Sehr geehrte(r) Fragesteller(in),
bevor ich Ihre eigentlichen Fragen beantworte, möchte ich noch kurz ein paar Ausführungen zu der Ihnen vorgeworfenen Urkundenfälschung (vgl. § 267 StGB
) machen:
Ein amtliches KfZ-Kennzeichenschild stellt zusammen mit dem Dienststempel der Zulassungsbehörde und dem Fahrzeug eine sog. „zusammengesetzte Urkunde“ dar. Durch die Verwendung des Leichtkraftradkennzeichens zusammen mit den via Post erhaltenen Plaketten und Siegel haben Sie eine „unechte Urkunde hergestellt“. Unecht war diese Urkunde deshalb, weil das Kennzeichen den Anschein erweckte, in diesem Zustand von der Zulassungsstelle ausgegeben worden zu sein, was in Wirklichkeit nicht der Fall war. Sie haben auch „zur Täuschung im Rechtsverkehr“ gehandelt. Dazu bedarf es nach herrschender Meinung (und Rechtsprechung) keiner TäuschungsABSICHT im Sinne eines „Draufankommens“ (Sie haben das Kennzeichen ja „eigentlich“ nur montiert, weil es besser ausschaute als das Original), sondern es genügt der (direkte) Wille zur Täuschung. Dieser Wille war bei Ihnen vorhanden, denn schließlich wollten Sie (zumindest auch), dass die Unechtheit des Kennzeichens bei Polizeikontrollen nicht auffällt (= Täuschung der Polizeibeamten).

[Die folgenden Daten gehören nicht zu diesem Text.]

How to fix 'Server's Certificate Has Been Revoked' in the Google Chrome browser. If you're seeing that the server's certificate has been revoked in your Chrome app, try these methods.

Nun zu Ihren eigentlichen Fragen:
1. Wie lange es dauert, bis Ihnen Akteneinsicht gewährt wird, lässt sich nicht abschätzen, weil dies von Fall zu Fall ganz verschieden sein kann. Es kommt beispielsweise darauf an, wie lange die Polizei braucht, um die Akte fertigzustellen, diese dann an die Staatsanwaltschaft zu übersenden (nur diese darf Akteneinsicht gewähren), wie viel der zuständige Sachbearbeiter bei der Staatsanwaltschaft zu tun hat, etc. Ihr Verteidiger kann „Glück“ haben und die Akteneinsicht in wenigen Wochen nach Beantragung erhalten, es kann aber auch mehrere Monate dauern.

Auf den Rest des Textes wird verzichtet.